Op het verweer van TIWOS heeft [belanghebbende] erkend dat er overlast kan zijn ervaren door omwonenden vanuit het gehuurde. Zij betwist harde muziek te hebben gedraaid. Wel heeft zij incidenteel ruzie gehad met haar voormalige vriend. Zij heeft geprobeerd haar voormalige vriend uit de buurt te houden van het gehuurde en daar ook de politie voor gebeld. Inmiddels is er al een maand helemaal geen contact meer en zet zij ook verdere stappen om clean te worden/blijven, haar huis op orde te houden, haar financiële zaken op orde te krijgen en verder te werken aan haar gezondheid om op termijn weer omgang te kunnen hebben met haar kinderen. Zij betwist dat na 30 december 2024 klachten zijn ontvangen van omwonenden. Dit wordt niet onderbouwd door TIWOS .
4.4.
TIWOS voert verweer.
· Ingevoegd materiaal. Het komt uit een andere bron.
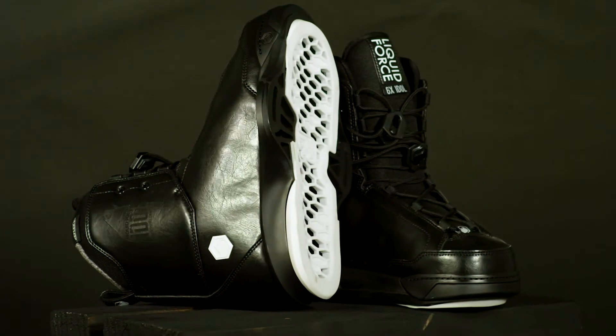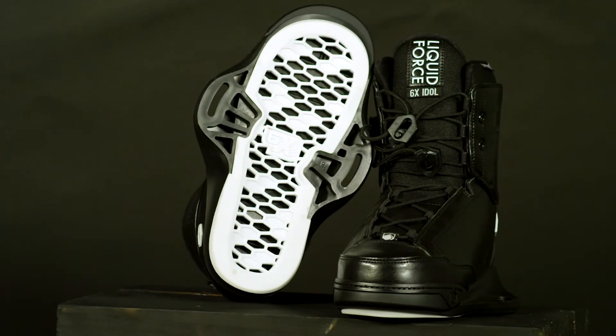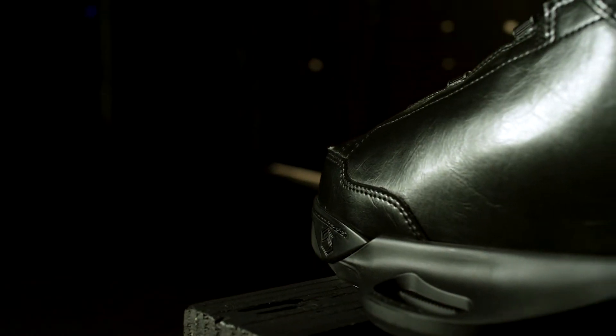For 2021, the Idle returns with a Liquid Force 6X chassis. Rafter Elm's precise riding style demands a firm, flexing, and responsive wakeboard binding. The Idle 6X delivers these performance requirements in a slim, lightweight, ultra-comfortable package.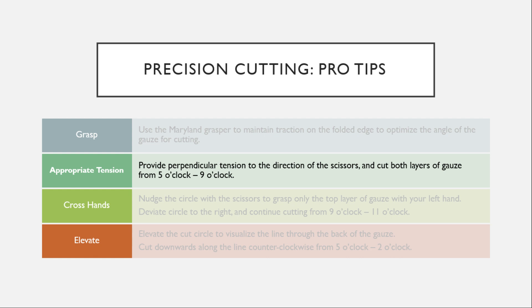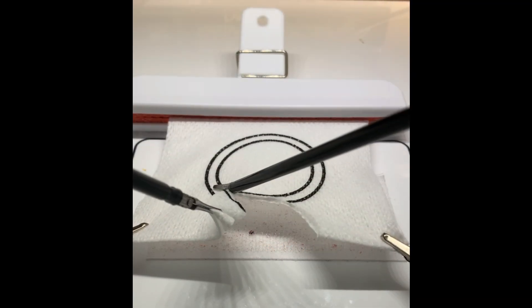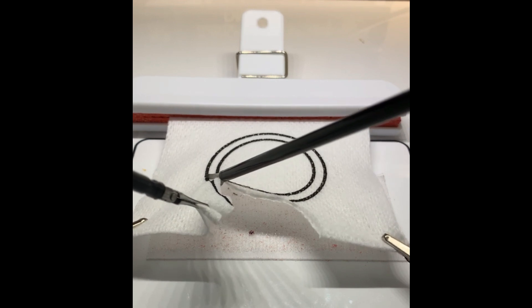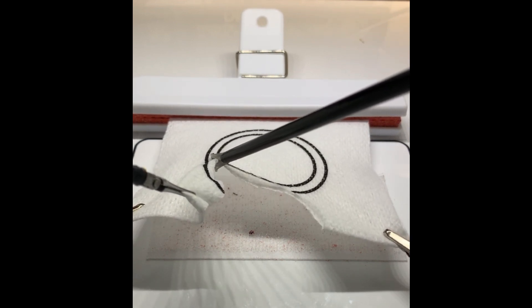First you'll want to provide perpendicular tension to the direction of the scissors and cut both layers of gauze from 5 o'clock to 9 o'clock. Flipping your scissors can help you stay close to the line.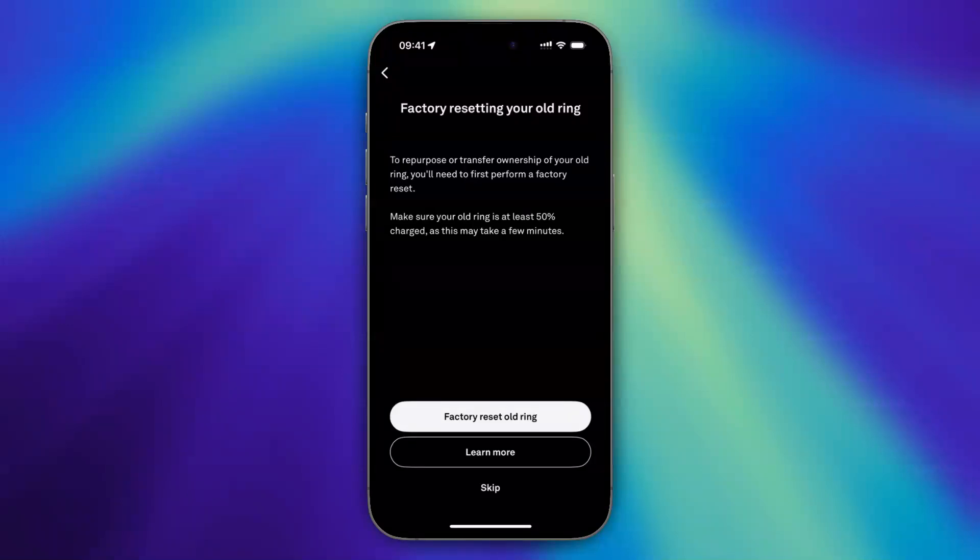Then basically wait and follow the on-screen instructions to set up your new ring, even with your old data. So that is how you can add a new Aura Ring to your existing Aura account. I hope this video was helpful. If so, please consider subscribing to the channel and I will see you guys in the next video. Thanks for watching.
TIWOS concludeert tot niet-ontvankelijkheid van [de bewindvoerder] , dan wel tot afwijzing van de vorderingen van [de bewindvoerder] , met veroordeling van [de bewindvoerder] , in haar hoedanigheid van bewindvoerder, in de kosten van deze procedure, te betalen binnen veertien dagen na betekening van dit vonnis.
4.5.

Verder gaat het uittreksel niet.